L’uomo torna a casa, a Verona, con la moglie. Ma poco dopo una lettera anonima giunge presso la questura di Torino. Qualcuno sostiene con forza che quello non sia il professor Canella bensì il truffatore Bruneri.

Mario Bruneri, tipografo nato a Torino il 18 giugno 1886, è un anarchico che vive senza fissa dimora nonché ricercato da diversi anni per via di alcune condanne precedenti per truffa e lesioni.

L’uomo viene sottoposto a riconoscimento da parte di tutta la famiglia Bruneri: moglie, figlio e persino dall’amante. Solo alla madre viene risparmiato il faccia a faccia in quanto malata di cuore. Tutti riconoscono in lui il Bruneri, il quale, in preda all’ansia si accascia incosciente a terra.

Chi vince la battaglia legale?

Comincia da qui una lotta incessante in tribunale. Una lotta senza esclusione di colpi nella quale la signora Canella è più determinata che mai a dimostrare che quell’uomo sia proprio il marito.

Nel 1931 giunge l'ultima sentenza emessa dalla Cassazione: lo smemorato è il Bruneri il quale deve dunque scontare una condanna residua ci circa due anni. La corte dichiara inoltre "illegittimi" i figli avuti dai due ed "immorale" la loro unione.
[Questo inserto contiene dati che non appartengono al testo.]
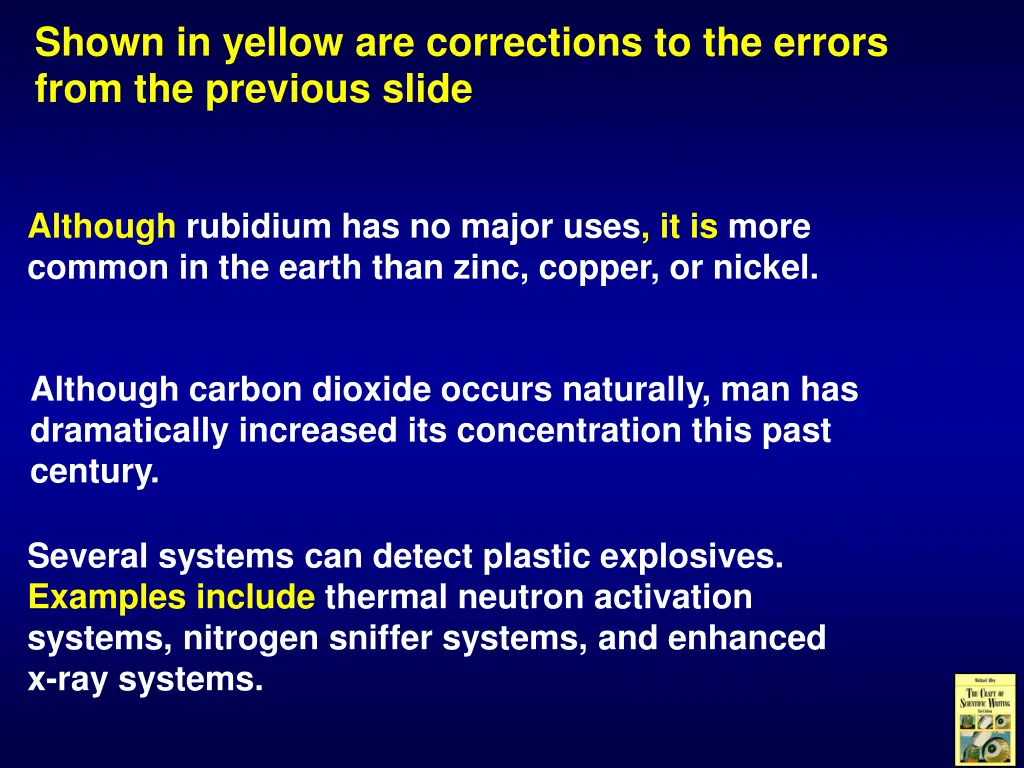 shown in yellow are corrections to the errors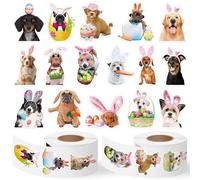E1mity 1000Pcs Cute Easter Stickers, Realistic Dogs with Rabbit Ears Novelty Decals Self-Adhesive, 16 Styles Bunny Eggs Hunt Reward Sticker for Kids Party Decorations Bag Filler Favours Gift Pack Wrap
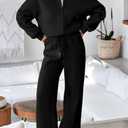 Aleumdr Women's 2 Piece Outfits Oversized Fleece Sweat suit Zip Up Long Sleeve Sweatshirt with Wide Leg Sweatpants (Medium, Black)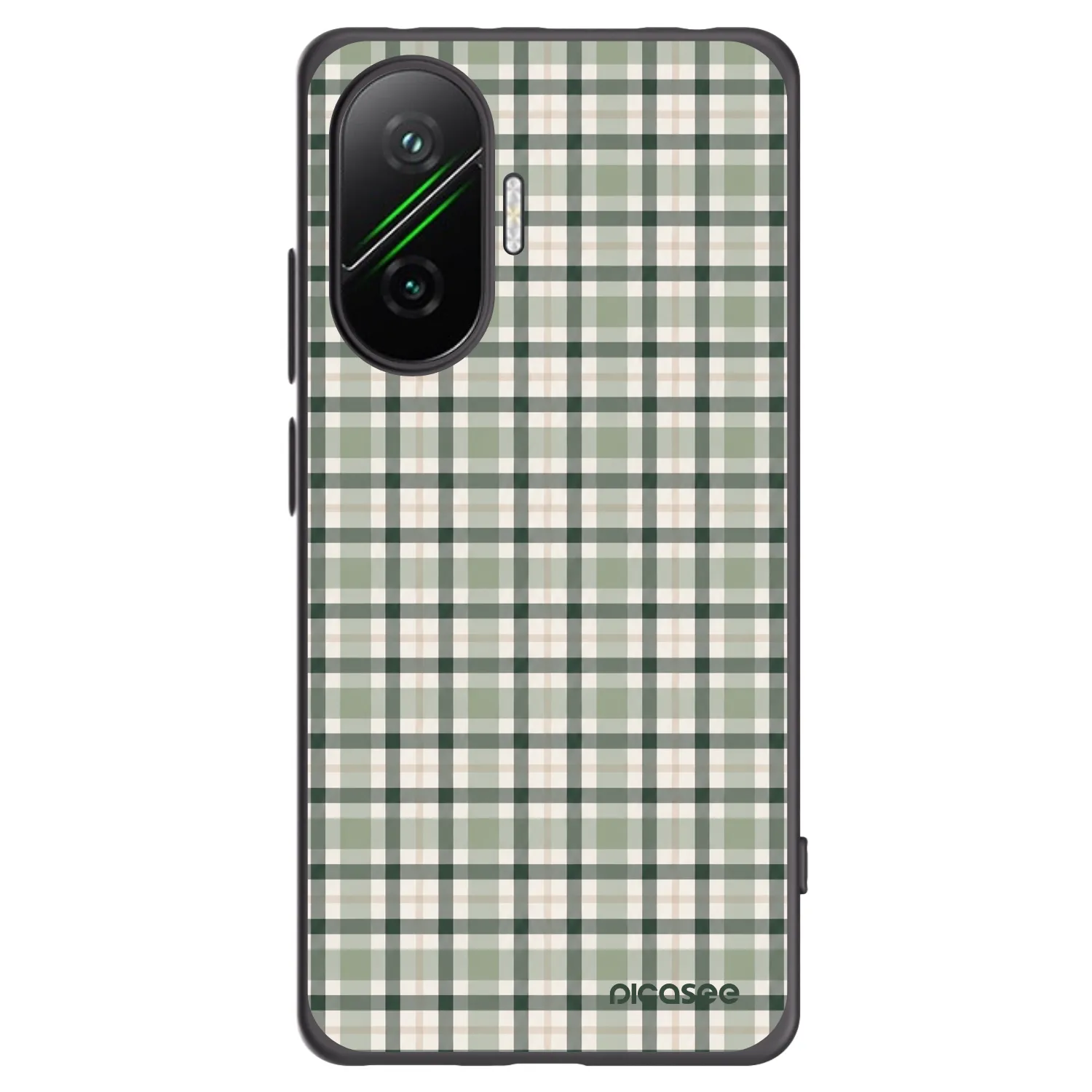 Picasee silikónový čierny obal pre Xiaomi Poco F7 5G - Sage Tartan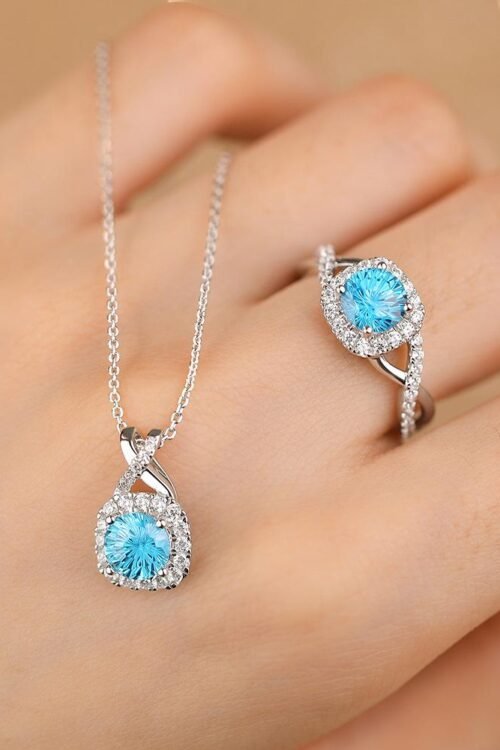 S925 Silver with Zirconia Inlay Rhodium plated Pendant Set-PDN024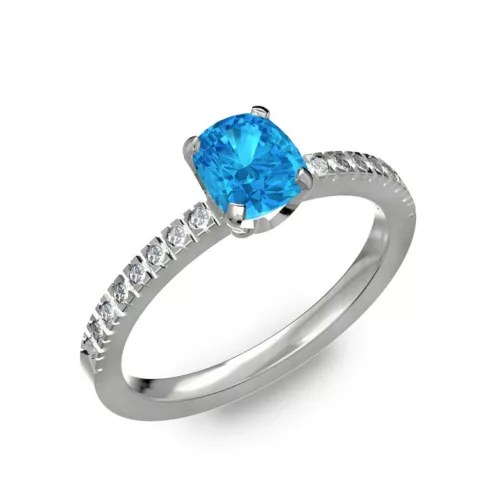  Ékszerpalota eljegyzési gyűrű 0,5ct kék topázzal BRK205 fehér arany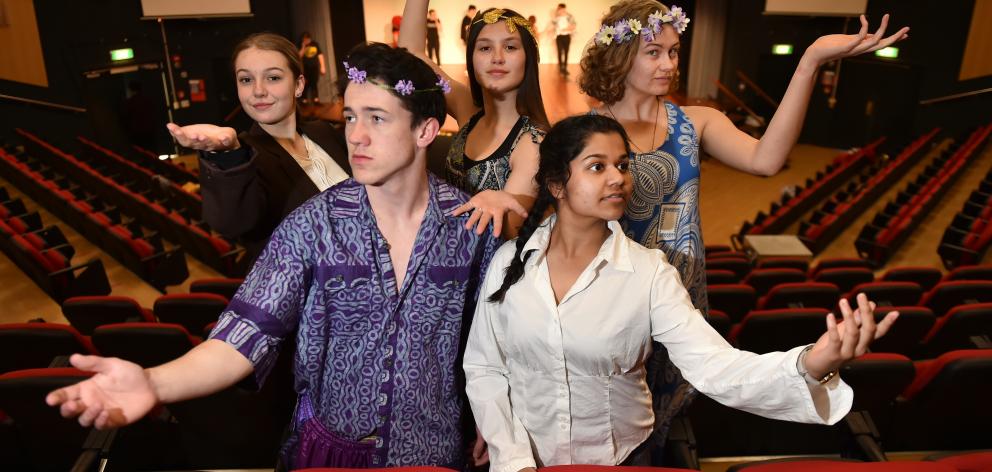 Young thespians (from left) Chloe Robertson (17), of Dunedin, Billy Thomas (17), of Westport,...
Una volta scontata la pena, non reggendo più il peso dello scandalo, i coniugi decidono di trasferirsi in Brasile.

Oggi la scienza ci dice la verità

Qualche anno fa la trasmissione di Rai3 “Chi l’ha visto” ha voluto risolvere il mistero confrontando i profili genetici di Julio Canella - nipote certo del Professore, nato da un figlio avuto prima di andare al fronte - e Camillo - figlio del Canella Smemorato ricomparso nel 1926.

Il risultato, consegnato in busta chiusa a Julio, «non è quello che ci si augurava». Queste le parole del nipote di Canella. Dunque, per esclusione, lo smemorato non può essere altri che il truffatore Bruneri.

La Signora Canella ha probabilmente vissuto accanto ad un impostore. Ora resta da capire - ed è forse questa la parte più affascinante della storia – lei, la signora Canella, lo sapeva? Ne era a conoscenza? Non lo sapremo mai. Forse è proprio questo il più grande mistero di questa storia.